Hope is for the Weak: The
Challenge of a Broken World
Robert Jensen
School of Journalism
University of Texas
Austin, TX 78712
work: (512) 471-1990
fax: (512) 471-7979
rjensen@uts.cc.utexas.edu
copyright Robert Jensen 2005
Posted on ZNet
and Dissident
Voice, November 15, 2005.
by Robert Jensen
[Sermon delivered at St. Andrew’s Presbyterian Church, Austin, TX,
November 13, 2005]
My title this morning -- “Hope is for the Weak: The Challenge of a
Broken World” -- may seem unnecessarily harsh. After all, hope is an
enduring feature of our species, something people search for (often
quite desperately) and hang onto (usually quite tightly). For guidance,
we tend to look to those people who have hope, not to those who have
forsaken it. How can this hope be weakness?

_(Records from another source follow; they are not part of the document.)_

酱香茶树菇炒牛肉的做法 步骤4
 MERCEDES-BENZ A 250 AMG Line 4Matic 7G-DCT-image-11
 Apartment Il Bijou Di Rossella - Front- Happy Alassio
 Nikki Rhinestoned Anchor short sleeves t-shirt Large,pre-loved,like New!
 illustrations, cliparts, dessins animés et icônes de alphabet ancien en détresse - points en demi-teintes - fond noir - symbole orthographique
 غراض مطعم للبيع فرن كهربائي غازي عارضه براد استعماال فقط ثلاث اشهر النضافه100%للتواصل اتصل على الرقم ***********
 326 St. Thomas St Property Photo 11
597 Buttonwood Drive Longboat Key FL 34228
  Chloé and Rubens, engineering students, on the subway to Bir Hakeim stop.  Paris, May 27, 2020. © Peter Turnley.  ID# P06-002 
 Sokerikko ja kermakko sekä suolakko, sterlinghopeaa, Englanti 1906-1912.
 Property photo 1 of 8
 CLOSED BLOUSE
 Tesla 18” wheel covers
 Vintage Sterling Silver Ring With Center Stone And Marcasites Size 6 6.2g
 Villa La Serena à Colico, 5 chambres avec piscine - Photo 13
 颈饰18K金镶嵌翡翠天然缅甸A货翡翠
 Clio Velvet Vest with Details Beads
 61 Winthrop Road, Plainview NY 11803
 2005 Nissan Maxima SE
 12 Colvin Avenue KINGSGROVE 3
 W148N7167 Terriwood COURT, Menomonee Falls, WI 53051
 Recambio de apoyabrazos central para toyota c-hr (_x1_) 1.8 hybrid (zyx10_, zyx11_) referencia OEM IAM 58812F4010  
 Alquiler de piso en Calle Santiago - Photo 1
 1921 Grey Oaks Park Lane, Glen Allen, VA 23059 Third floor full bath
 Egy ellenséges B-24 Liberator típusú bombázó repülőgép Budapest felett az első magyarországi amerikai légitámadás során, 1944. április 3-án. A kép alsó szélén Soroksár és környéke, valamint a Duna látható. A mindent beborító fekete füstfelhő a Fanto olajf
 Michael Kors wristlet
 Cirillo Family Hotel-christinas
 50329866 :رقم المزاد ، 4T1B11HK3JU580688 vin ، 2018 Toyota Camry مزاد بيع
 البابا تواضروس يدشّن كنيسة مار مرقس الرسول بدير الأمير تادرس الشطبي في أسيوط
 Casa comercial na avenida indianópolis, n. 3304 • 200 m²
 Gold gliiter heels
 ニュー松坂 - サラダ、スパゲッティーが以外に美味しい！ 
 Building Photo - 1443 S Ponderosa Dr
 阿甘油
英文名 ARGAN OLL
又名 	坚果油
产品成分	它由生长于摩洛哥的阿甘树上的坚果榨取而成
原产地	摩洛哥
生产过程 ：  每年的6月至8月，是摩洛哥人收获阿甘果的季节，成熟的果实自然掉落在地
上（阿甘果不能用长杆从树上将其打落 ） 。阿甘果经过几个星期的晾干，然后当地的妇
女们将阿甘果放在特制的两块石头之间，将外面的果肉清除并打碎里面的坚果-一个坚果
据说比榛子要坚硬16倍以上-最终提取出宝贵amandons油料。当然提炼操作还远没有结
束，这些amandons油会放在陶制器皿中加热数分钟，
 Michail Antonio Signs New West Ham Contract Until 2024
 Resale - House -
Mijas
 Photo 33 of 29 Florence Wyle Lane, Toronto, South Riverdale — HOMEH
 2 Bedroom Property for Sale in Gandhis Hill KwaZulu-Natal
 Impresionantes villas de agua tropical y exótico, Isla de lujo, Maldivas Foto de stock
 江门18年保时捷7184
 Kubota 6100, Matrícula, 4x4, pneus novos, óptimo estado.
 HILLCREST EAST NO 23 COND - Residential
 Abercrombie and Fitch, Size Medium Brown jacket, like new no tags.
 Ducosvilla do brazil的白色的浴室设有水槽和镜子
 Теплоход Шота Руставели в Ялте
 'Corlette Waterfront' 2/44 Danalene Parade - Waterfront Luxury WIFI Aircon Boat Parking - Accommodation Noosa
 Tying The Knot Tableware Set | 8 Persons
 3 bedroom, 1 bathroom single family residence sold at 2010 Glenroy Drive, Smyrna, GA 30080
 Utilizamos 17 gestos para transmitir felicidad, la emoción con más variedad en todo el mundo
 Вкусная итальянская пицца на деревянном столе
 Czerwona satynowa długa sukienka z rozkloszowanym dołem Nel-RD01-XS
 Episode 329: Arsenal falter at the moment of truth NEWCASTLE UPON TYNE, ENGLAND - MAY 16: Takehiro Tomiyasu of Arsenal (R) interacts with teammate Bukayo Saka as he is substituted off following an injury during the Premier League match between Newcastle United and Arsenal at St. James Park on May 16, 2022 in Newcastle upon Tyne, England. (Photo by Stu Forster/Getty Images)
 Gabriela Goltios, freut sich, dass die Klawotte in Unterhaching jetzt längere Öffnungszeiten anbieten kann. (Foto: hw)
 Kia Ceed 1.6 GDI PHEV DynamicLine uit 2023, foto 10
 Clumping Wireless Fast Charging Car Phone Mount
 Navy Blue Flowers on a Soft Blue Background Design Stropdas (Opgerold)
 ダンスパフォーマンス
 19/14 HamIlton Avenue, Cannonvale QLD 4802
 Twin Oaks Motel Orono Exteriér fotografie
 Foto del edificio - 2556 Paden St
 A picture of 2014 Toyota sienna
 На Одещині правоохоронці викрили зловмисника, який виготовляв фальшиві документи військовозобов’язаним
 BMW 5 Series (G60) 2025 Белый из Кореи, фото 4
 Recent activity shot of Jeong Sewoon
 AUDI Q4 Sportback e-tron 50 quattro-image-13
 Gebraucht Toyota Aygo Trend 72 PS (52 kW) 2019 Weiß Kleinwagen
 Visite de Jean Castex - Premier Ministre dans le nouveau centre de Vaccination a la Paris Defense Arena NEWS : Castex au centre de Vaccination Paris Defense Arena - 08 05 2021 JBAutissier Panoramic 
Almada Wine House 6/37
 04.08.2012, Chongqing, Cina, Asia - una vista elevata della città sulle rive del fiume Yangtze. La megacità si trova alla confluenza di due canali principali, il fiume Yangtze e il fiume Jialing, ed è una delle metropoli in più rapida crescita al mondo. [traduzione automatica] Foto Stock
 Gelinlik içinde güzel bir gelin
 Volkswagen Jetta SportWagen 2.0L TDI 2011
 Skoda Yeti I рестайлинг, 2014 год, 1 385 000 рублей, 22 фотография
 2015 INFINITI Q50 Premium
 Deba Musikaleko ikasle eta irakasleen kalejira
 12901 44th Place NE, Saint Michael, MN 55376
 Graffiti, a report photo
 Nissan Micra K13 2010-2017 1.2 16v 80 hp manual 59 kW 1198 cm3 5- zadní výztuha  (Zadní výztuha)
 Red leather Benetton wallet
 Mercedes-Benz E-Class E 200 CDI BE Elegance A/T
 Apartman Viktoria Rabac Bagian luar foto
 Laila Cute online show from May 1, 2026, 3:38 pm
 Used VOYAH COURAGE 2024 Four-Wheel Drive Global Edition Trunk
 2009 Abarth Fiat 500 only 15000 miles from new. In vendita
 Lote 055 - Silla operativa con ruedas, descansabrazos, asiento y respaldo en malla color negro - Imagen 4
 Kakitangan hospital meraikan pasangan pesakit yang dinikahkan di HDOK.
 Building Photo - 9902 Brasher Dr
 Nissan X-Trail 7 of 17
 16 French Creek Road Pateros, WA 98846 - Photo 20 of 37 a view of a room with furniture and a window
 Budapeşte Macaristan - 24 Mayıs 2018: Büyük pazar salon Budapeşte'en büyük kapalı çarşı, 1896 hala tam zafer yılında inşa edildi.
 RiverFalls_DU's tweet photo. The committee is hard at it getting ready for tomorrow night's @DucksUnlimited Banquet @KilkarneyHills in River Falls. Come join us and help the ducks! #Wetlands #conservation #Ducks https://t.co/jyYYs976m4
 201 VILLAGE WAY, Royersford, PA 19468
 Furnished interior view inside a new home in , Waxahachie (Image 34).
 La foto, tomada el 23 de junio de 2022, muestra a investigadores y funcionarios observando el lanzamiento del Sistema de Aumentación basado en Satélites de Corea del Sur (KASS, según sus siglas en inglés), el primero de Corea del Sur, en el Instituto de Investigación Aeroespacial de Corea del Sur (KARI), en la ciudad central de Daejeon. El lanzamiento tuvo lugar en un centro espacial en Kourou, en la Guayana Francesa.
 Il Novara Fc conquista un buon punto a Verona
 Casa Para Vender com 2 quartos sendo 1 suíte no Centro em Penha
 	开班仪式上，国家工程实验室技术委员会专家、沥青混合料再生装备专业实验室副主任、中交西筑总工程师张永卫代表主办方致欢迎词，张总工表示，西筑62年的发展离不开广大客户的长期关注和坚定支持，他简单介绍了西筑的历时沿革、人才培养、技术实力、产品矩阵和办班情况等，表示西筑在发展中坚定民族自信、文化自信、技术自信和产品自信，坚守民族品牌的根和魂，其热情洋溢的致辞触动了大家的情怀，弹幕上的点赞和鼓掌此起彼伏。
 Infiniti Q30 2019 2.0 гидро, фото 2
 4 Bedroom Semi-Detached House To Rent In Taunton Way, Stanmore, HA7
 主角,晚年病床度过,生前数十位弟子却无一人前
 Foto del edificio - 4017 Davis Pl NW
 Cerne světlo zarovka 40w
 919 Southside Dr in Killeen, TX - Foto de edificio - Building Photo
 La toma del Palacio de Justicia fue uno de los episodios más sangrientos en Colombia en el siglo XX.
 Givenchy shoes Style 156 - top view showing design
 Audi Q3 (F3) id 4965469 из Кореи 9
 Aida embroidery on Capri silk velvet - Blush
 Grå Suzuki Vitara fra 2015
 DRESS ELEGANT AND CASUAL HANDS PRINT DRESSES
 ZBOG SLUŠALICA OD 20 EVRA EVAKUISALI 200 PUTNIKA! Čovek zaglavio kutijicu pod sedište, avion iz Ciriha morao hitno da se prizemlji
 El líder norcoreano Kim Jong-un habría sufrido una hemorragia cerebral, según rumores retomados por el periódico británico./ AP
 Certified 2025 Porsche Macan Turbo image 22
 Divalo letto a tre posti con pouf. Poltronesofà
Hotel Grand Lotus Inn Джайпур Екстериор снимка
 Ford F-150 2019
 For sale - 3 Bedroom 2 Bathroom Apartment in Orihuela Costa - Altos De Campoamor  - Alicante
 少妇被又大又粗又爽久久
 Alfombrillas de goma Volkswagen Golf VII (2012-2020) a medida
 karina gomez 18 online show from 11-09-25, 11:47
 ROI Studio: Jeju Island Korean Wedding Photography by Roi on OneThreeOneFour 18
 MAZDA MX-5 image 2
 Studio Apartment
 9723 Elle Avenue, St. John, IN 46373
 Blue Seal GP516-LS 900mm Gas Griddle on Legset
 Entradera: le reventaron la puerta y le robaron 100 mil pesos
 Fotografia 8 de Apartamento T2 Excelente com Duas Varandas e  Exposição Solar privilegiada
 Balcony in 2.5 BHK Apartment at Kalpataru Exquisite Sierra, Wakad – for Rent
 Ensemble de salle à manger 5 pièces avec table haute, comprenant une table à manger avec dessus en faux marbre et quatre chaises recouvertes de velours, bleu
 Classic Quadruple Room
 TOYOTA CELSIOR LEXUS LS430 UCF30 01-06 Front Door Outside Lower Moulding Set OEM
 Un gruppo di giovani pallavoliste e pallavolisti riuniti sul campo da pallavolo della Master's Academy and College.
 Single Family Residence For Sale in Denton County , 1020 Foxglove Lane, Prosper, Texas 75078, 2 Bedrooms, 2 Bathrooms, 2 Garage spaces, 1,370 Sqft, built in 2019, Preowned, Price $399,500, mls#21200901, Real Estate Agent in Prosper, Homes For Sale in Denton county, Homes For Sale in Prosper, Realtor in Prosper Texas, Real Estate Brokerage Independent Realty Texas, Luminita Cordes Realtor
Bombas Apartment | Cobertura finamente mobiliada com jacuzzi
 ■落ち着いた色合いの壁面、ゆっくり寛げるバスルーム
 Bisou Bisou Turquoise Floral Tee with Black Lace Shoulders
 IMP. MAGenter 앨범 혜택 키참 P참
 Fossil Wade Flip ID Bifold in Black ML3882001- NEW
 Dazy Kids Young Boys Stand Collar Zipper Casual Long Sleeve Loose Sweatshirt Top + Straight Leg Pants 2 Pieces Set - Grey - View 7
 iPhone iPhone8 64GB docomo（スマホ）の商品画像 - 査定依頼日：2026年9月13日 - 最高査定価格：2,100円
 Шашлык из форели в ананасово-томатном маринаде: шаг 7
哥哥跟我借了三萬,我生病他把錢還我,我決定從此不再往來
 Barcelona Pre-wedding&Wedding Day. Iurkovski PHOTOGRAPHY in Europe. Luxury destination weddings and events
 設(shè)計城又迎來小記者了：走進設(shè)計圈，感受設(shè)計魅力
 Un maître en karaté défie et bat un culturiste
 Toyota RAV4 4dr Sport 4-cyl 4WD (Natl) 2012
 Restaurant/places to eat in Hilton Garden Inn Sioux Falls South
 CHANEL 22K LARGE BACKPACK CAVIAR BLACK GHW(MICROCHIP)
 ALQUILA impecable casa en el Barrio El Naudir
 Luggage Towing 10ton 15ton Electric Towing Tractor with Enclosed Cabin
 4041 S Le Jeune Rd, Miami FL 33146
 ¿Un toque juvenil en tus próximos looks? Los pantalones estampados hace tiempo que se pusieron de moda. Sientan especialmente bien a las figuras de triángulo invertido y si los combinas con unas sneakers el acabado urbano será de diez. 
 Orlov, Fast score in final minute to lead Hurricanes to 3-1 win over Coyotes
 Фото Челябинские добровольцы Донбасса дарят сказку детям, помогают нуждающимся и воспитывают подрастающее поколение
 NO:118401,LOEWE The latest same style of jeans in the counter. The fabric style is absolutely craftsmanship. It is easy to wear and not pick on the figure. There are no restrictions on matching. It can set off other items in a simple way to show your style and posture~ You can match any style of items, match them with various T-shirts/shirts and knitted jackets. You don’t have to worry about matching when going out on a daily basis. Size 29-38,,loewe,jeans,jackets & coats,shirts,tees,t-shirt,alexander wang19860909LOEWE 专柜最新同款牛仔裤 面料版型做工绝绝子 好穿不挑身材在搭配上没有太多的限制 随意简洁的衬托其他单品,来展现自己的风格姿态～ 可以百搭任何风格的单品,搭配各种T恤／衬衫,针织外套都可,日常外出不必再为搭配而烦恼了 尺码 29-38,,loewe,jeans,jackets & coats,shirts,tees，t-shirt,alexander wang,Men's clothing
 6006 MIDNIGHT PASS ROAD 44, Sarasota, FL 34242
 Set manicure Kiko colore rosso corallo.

It also may seem unnecessarily rude to come into a church with such a
message, given that churches are major traffickers in hope. I suppose
one could even take “hope is for the weak” to be a critique of
preachers who deal hope, most effusively as they pass the collection
plate.
Well, I intend to be harsh, but not rude. There is no reason to fear
harshness; in fact, at this moment, we need to be harsher than ever
because more than ever we need to love deeply. Dorothy Day of the
Catholic Worker Movement was fond of quoting a line from Dostoevsky’s
The Brothers Karamazov: “Love in action is a harsh and dreadful thing
compared with love in dreams.”
So, out of love, in action, I will speak harshly. But I do not reject
hope, nor do I want to undermine the hope dealers. Indeed, though I’m
not a member of this or any church, I am here today out of respect for
St. Andrew’s and its social-justice work, and because of a sense of a
shared project rooted in hope. In fact, I’m here to argue that we have
to take hope more seriously than ever. If we want to invoke hope, we
owe it to ourselves and to the world to be tough-minded about that hope.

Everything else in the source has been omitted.